Factual error: The Cassandra Crossing bridge is mentioned to be located in Poland, and you can see power lines indicating that the route is electrified. Earlier, the route is said to be closed in 1948. Polish Railways started electrifying its routes in 1960s and it is very unlikely someone would electrify that route without rebuilding the bridge (considered collapse-prone) and of course without any plans to use that route again.

Factual error: Looking into a compartment of the sleeping car, the window is placed in the middle of the outside wall. This is not the way any European sleeping car is built, especially not the MU.
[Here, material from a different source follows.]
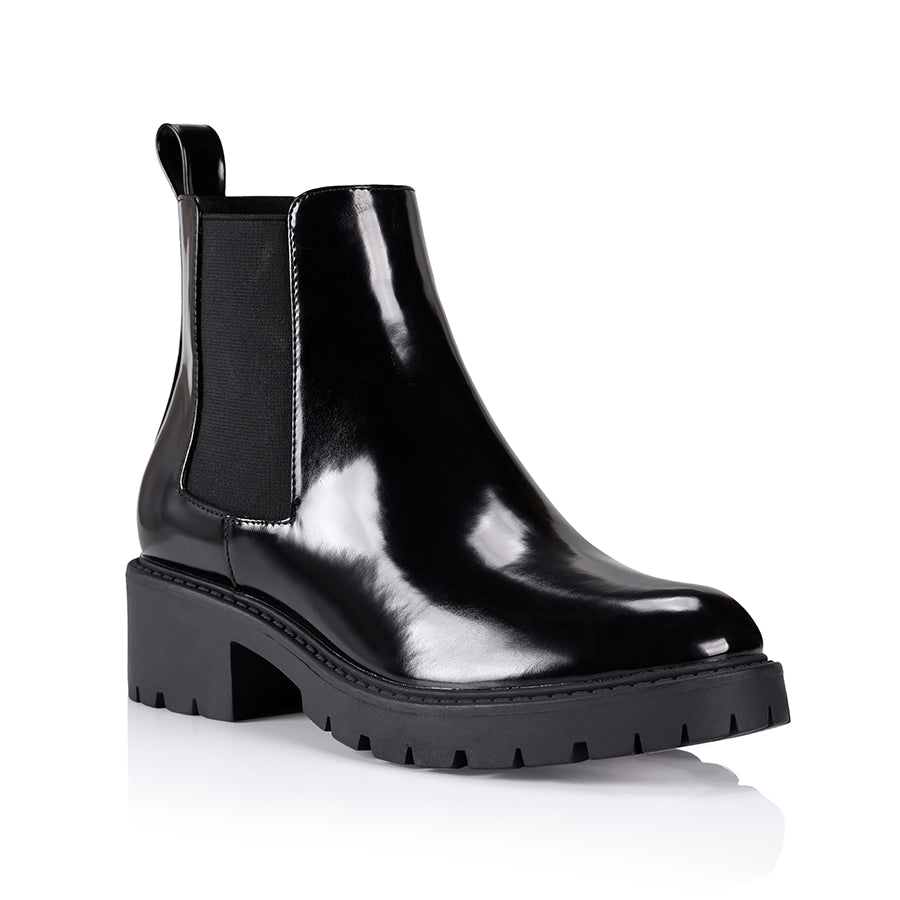 Jaya Chelsea Gusset Boots - Waterproof PU Leather Ankle Boots for Women, Slip Resistant Comfortable Winter Shoes (Black) - Perfect for Outdoor Work, Hiking & Casual Wear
Factual error: In most countries trains use brakes that apply automatically when a car "gets lost". The brakes are operated by air pressure and are passive brakes: they brake when the pressure is lost. Since the air comes through a pipe from the locomotive a car that is disconnected stops automatically. Emergency brakes work in a similar way: they simply open up the air-pipe, pressure drops and the train stops.

Factual error: The model of the Viaduc de Garabit in France, the real Cassandra bridge, is really well done, but it lacks the typical French AC catenary which can be seen on the original shots.
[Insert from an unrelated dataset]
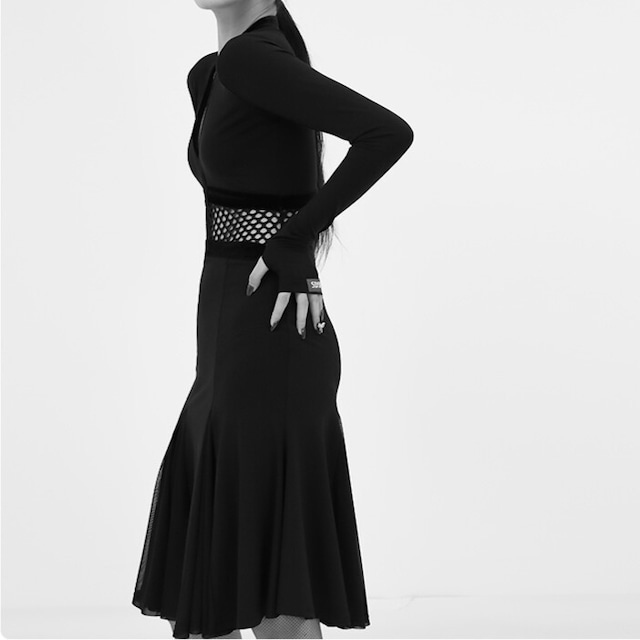 Vネック シルエットフロー ラテンダンスドレス ds1070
Factual error: Some of the second class scenes are obviously located in a first class saloon car. But the train has no saloon car, neither in the first nor in the second class.
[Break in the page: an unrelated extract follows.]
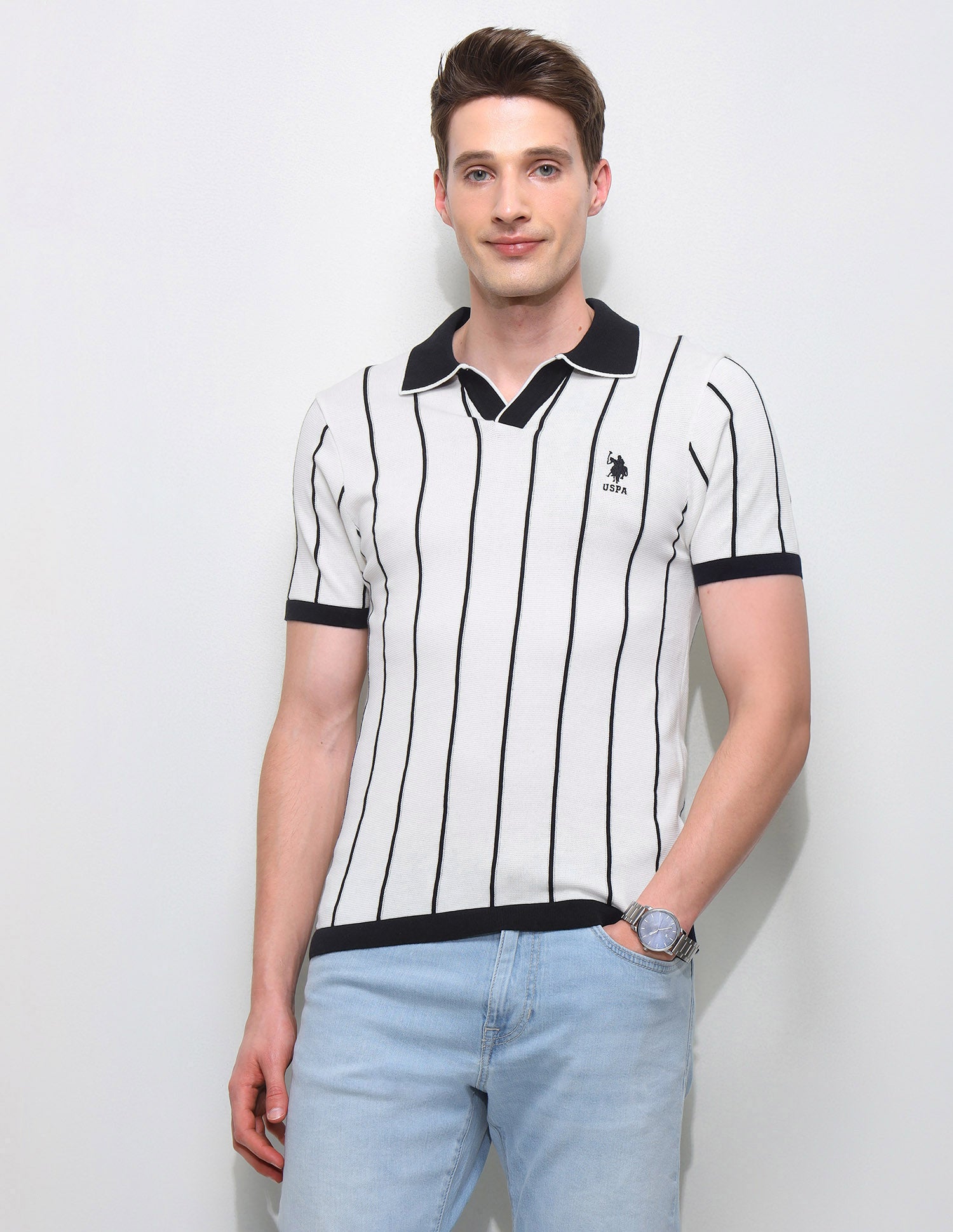 Vertical Striped Slim Fit Polo Shirt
Factual error: In addition to the signs on the cars, a schedule is shown within the first minutes of the film where Göttingen appears as a waypoint of the train's route. To reach Göttingen, it had either to take some unnecessarily long way from Amsterdam via Frankfurt/Main or move from Hannover down to Göttingen and the same line back to Hannover.

Factual error: The Europa-Express has a stop in Paris. I've never heard of any train just stopping in Paris, i.e. coming from one place, stopping at any Parisian station and going on to another place. Trains either start or end in Paris. Apart from this, which station is on the train's way? Coming from Basel, it should end at Gare de l'Est; leaving for Brussels means leaving Gare du Nord.

Factual error: The balance of the train seems funny: too much first class compared to the second class, the sleeping car is located among the coaches in a train which won't be separated on its way, and only one single sleeper with no slumber coaches is something incredible for a European overnight train since the 60's.

Factual error: Arrival at Nürnberg, first shot: We see the train's silhouette obviously passing the outer parts of a bigger station. Apart from the fact that Nürnberg has no typical Swiss overhead wires, it should be mentioned that Swiss electric locomotives - including the Re 4/4 II used in the movie - couldn't operate in Germany at that time (and quite few can today). This is no electrical problem, but Swiss pantographs are too narrow for the wide German catenary zig-zag, they would glide off and tear down the wire.

Deliberate mistake: The rail line was supposedly not used in 30 to 40 years, however, in the exterior scenes approaching the bridge where the mile markers were, the tracks are well maintained, has no vegetation, and the rails are shiny, indicating a lot of train use.